Word-for-word repetition of the records below is needed, but only from the line holding "May include: A" through the final line, with pictures excluded.

Extracted records:
Content starts

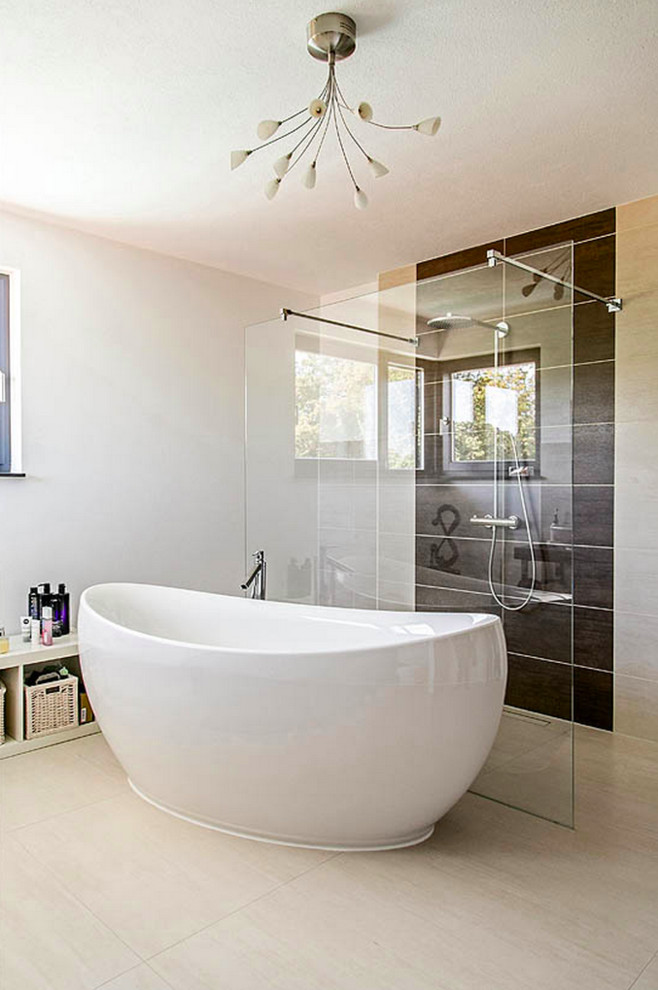 Modelo de cuarto de baño contemporáneo con bañera exenta, ducha abierta, baldosas y/o azulejos marrones, paredes blancas y suelo de madera clara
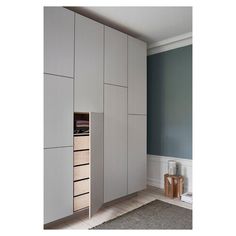 an empty room with white cupboards and drawers in the corner, along with a rug on the floor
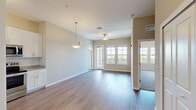 This single-floor, 2-bedroom, 2-bathroom residence offers a thoughtfully designed open-concept layout finished with consistent wood-look flooring throughout the main living areas. The living room is bright and welcoming, featuring a ceiling fan, a glass-paneled entry door, and large windows that flood the space with natural light and offer pleasant outdoor views. Adjacent to the living area, the kitchen is well-equipped with white shaker-style cabinetry, granite-look countertops, a full suite of stainless steel appliances including a refrigerator, range, microwave, and dishwasher, complemented by track lighting and a pendant light above. A connecting hallway leads to the two bedrooms, both featuring plush wall-to-wall carpeting and neutral warm-toned walls. The primary bedroom connects directly to a private en-suite bathroom, while the second bedroom is served by a full hall bathroom. Both bathrooms are finished with wood-look flooring, white vanity cabinetry, granite-look countertops, and tub/shower combinations. The overall design palette of soft beige and white tones creates a clean, cohesive, and inviting atmosphere throughout the entire space.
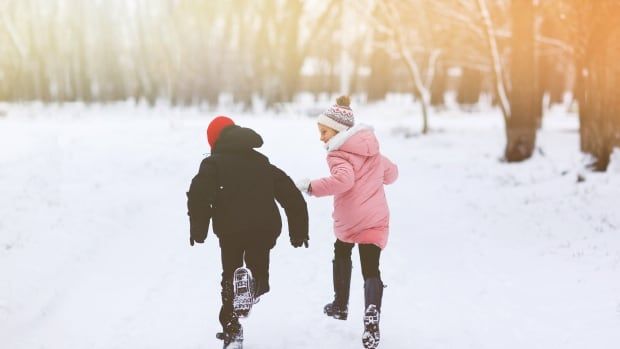 Two kids, a boy and a girl, running through the snow 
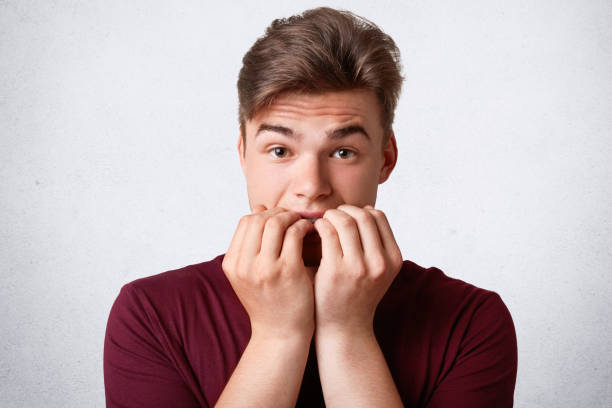 istock Nervous Caucasian male bites finger nails and feels embarrassed before important event, dressed in casual outfit, isolated over white background. Stressful depressed man with trendy hairstyle 997751636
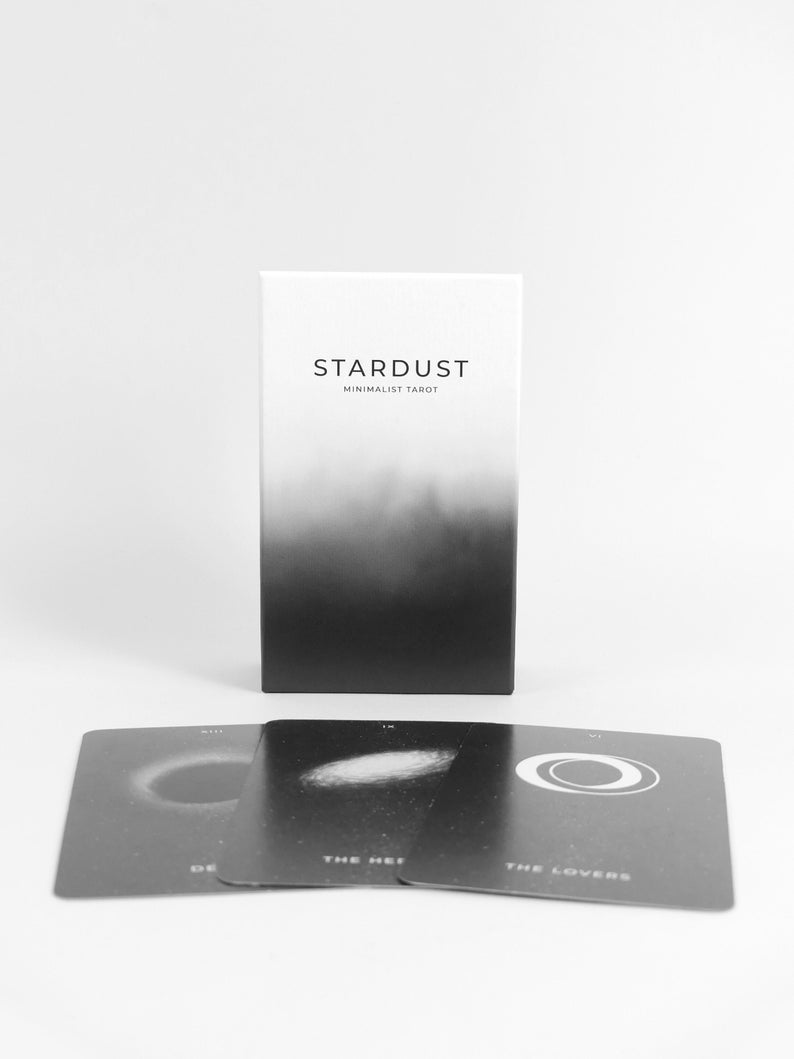 May include: A black and white box with the text "Stardust Minimalist Tarot" on the front. Three tarot cards are laid out in front of the box, showing the Death, The Hermit, and The Lovers cards.
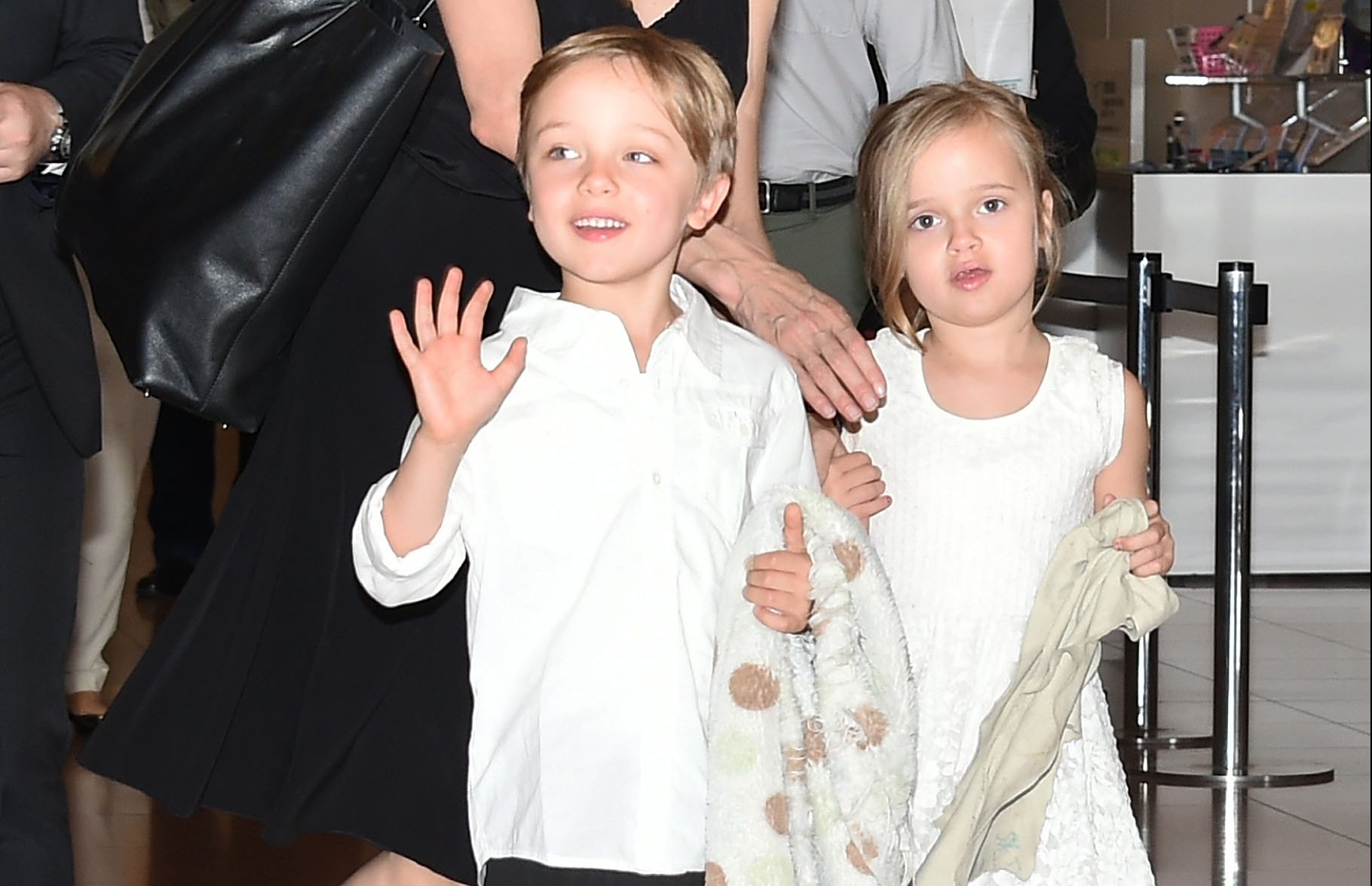 TOKYO, JAPAN - JUNE 21:  Knox Jolie-Pitt, Angelina Jolie and Vivienne Jolie-Pitt are seen upon arrival at Haneda Airport on June 21, 2014 in Tokyo, Japan. (Photo by Jun Sato/GC Images)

Content ends

Response to the task:
 May include: A black and white box with the text "Stardust Minimalist Tarot" on the front. Three tarot cards are laid out in front of the box, showing the Death, The Hermit, and The Lovers cards.
 TOKYO, JAPAN - JUNE 21:  Knox Jolie-Pitt, Angelina Jolie and Vivienne Jolie-Pitt are seen upon arrival at Haneda Airport on June 21, 2014 in Tokyo, Japan. (Photo by Jun Sato/GC Images)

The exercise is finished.